Here’s a table with our projected picks, followed by analysis of the biggest themes in this year’s class below.
2021 NBA mock draft
|1||Minnesota Timberwolves||Cade Cunningham||Oklahoma State||Guard||Freshman|
|2||Detroit Pistons||Evan Mobley||USC||Big||Freshman|
|3||Houston Rockets||Jalen Suggs||Gonzaga||Guard||Freshman|
|4||Orlando Magic||Jalen Green||G League Ignite||Guard||Freshman|
|5||Cleveland Cavaliers||Jonathan Kuminga||G League Ignite||Wing||Freshman|
|6||Washington Wizards||Moses Moody||Arkansas||Wing||Freshman|
|7||Sacramento Kings||Keon Johnson||Tennessee||Wing||Freshman|
|8||New Orleans Pelicans||Ziaire Williams||Stanford||Wing||Freshman|
|9||Oklahoma City Thunder||Jaden Springer||Tennessee||Guard||Freshman|
|10||Indiana Pacers||Franz Wagner||Michigan||Wing||Sophomore|
|11||Chicago Bulls||Jalen Johnson||Duke||Wing||Freshman|
|12||Toronto Raptors||Scottie Barnes||Florida State||Wing||Freshman|
|13||Golden State Warriors||Kai Jones||Texas||Big||Sophomore|
|14||Memphis Grizzlies||Corey Kispert||Gonzaga||Wing||Senior|
|15||Atlanta Hawks||James Bouknight||UConn||Guard||Sophomore|
|16||New York Knicks||Sharife Cooper||Auburn||Guard||Freshman|
|17||Charlotte Hornets||Usman Garuba||Spain||Big||Born 2002|
|18||Boston Celtics||Greg Brown||Texas||Big/Wing||Freshman|
|19||Oklahoma City Thunder||Josh Giddey||Australia||Guard||Born 2002|
|20||New York Knicks||BJ Boston||Kentucky||Wing||Freshman|
|21||San Antonio Spurs||Alperen Sengun||Turkey||Big||Born 2002|
|22||Houston Rockets||Ariel Hukporti||Germany||Big||Born 2002|
|23||Denver Nuggets||Roko Prkacin||Croatia||Wing||Born 2002|
|24||Milwaukee Buks||Tre Mann||Florida||Guard||Freshman|
|25||Los Angeles Clippers||Ayo Donsumu||Illinois||Guard||Junior|
|26||Los Angeles Lakers||Daishen Nix||G League Ignite||Guard||Freshman|
|27||Brooklyn Nets||Kessler Edwards||Pepperdine||Wing||Junior|
|28||Philadelphia 76ers||Jared Butler||Baylor||Guard||Junior|
|29||Phoenix Suns||Josh Christopher||Arizona State||Guard/Wing||Freshman|
|30||Utah Jazz||Bennedict Mathurin||Arizona||Wing||Freshman|
Here some takeaways from the board with a focus on players competing in the NCAA tournament.

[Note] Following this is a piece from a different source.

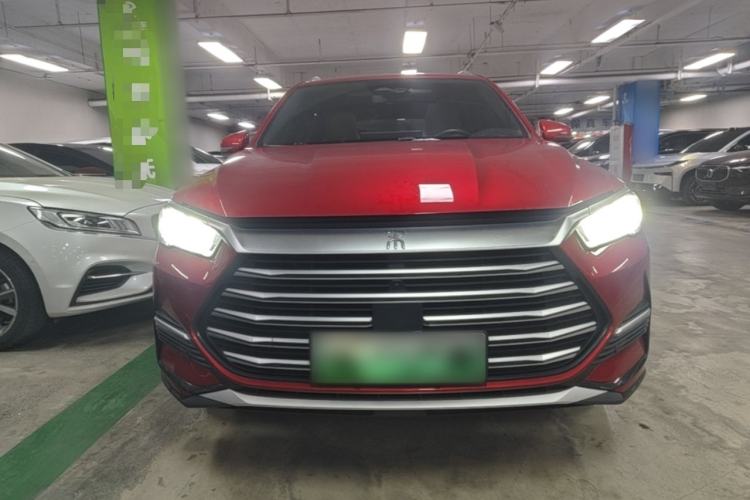 Used BYD Song Pro New Energy 2022 DM-i 110km Flagship Pro Model Front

Cade Cunningham and Evan Mobley make this draft special at the top
There’s a consensus opinion forming ahead of the NCAA tournament that the top-five of this draft looks historically strong. While that’s certainly a possibility, we’ll limit our greatest enthusiasm to the top-two prospects available: Oklahoma State guard Cade Cunningham and USC big man Evan Mobley.
Cunningham would be in contention to be the No. 1 overall pick in any draft as the type of oversized primary creator every team covets. At 6’8, Cunningham has great vision in the pick-and-roll as a passer and and the strength and touch to finish as a scorer. His shooting was supposed to be a question mark coming into college, but he’s responded by making 41.2 percent of his attempts on high-volume and a steady diet of tough pull-ups. Cunningham is also a great defensive prospect compared to other primary creators, having the ability to stick or switch onto big forwards at the other end while handling the ball on offense.
Cunningham went off for 25 points, eight rebounds, and five assists on 7-of-16 shooting from the field and 4-of-10 from shooting three-point range to lead Oklahoma State to a win over South region No. 1 seed Baylor in the Big 12 tournament semifinals. It felt like a defining performance against a powerful opponent to give Baylor only their second loss of the season.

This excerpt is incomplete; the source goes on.